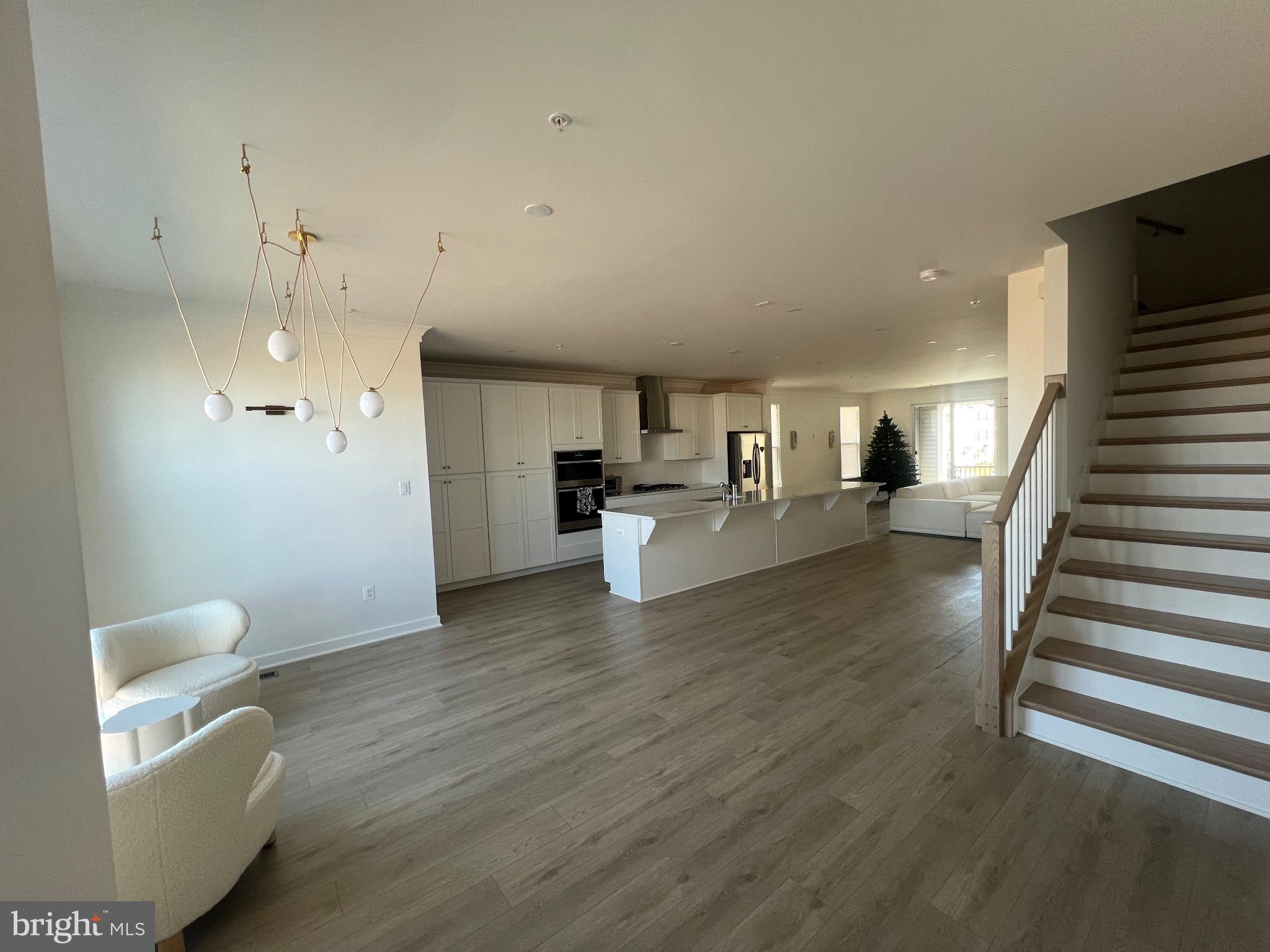 SOUTH LAKE - Residential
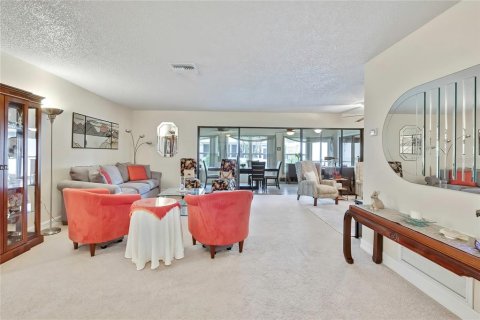 Casa en venta en Spring Hill, Florida, 2 dormitorios, 155.52 m2 № 2208191 - foto 12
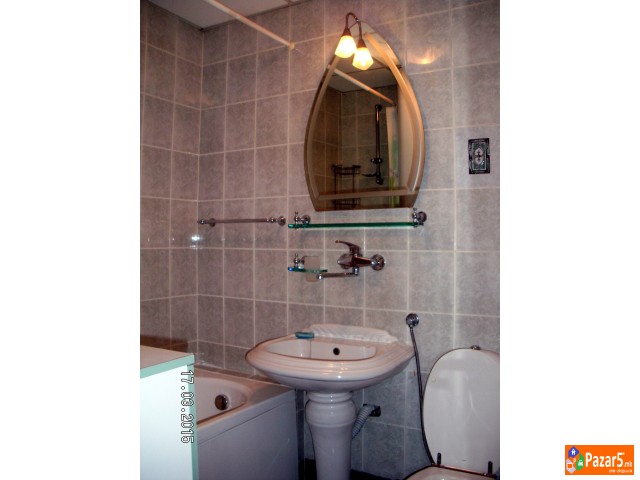 издавам трособен стан во Центар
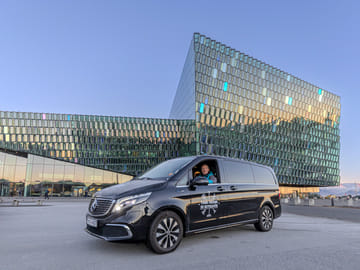 All of our tour vehicles are luxurious and state-of-the-art. You can consider them your mobile lounge during your Private Golden Circle Tour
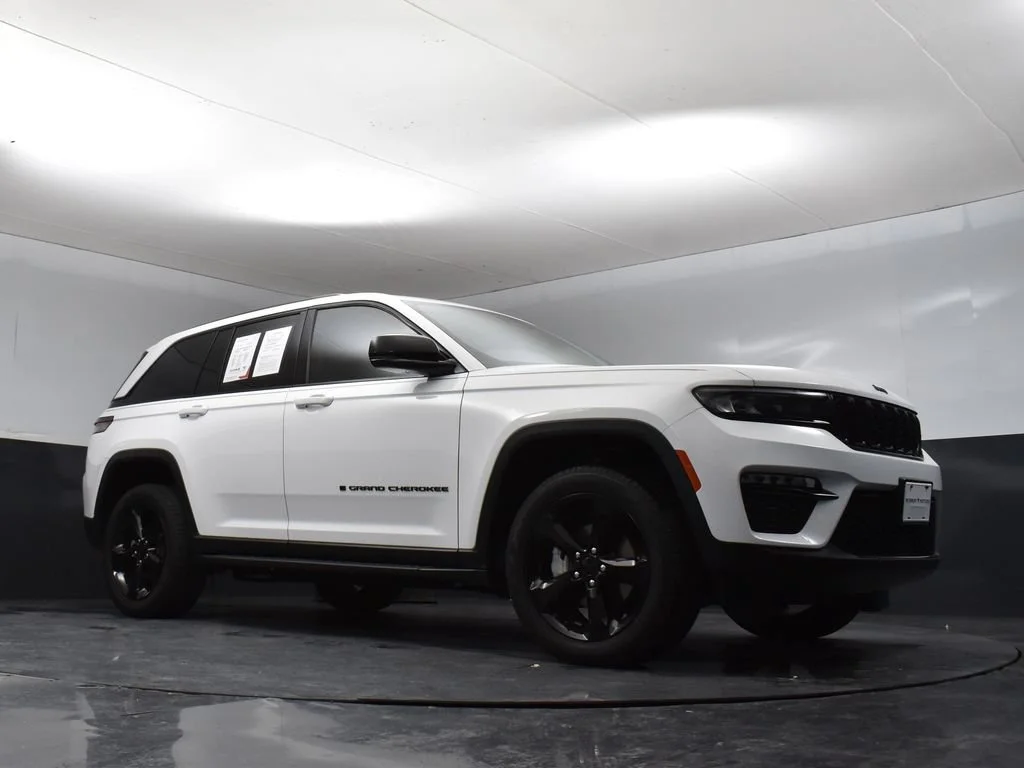 Certified Used 2023 White Jeep Limited image 28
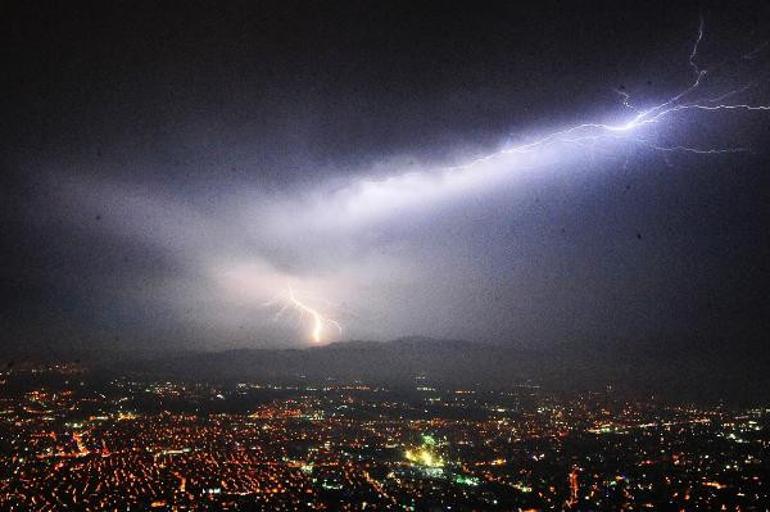 Meteorolojiden yeni hava durumu raporu: İstanbul, Ankara, İzmir dahil 29 kentte sarı alarm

### About this task
Omit all images when repeating the data above exactly.

### Solution to this exercise
 SOUTH LAKE - Residential
 Casa en venta en Spring Hill, Florida, 2 dormitorios, 155.52 m2 № 2208191 - foto 12
 издавам трособен стан во Центар
 All of our tour vehicles are luxurious and state-of-the-art. You can consider them your mobile lounge during your Private Golden Circle Tour
 Certified Used 2023 White Jeep Limited image 28
 Meteorolojiden yeni hava durumu raporu: İstanbul, Ankara, İzmir dahil 29 kentte sarı alarm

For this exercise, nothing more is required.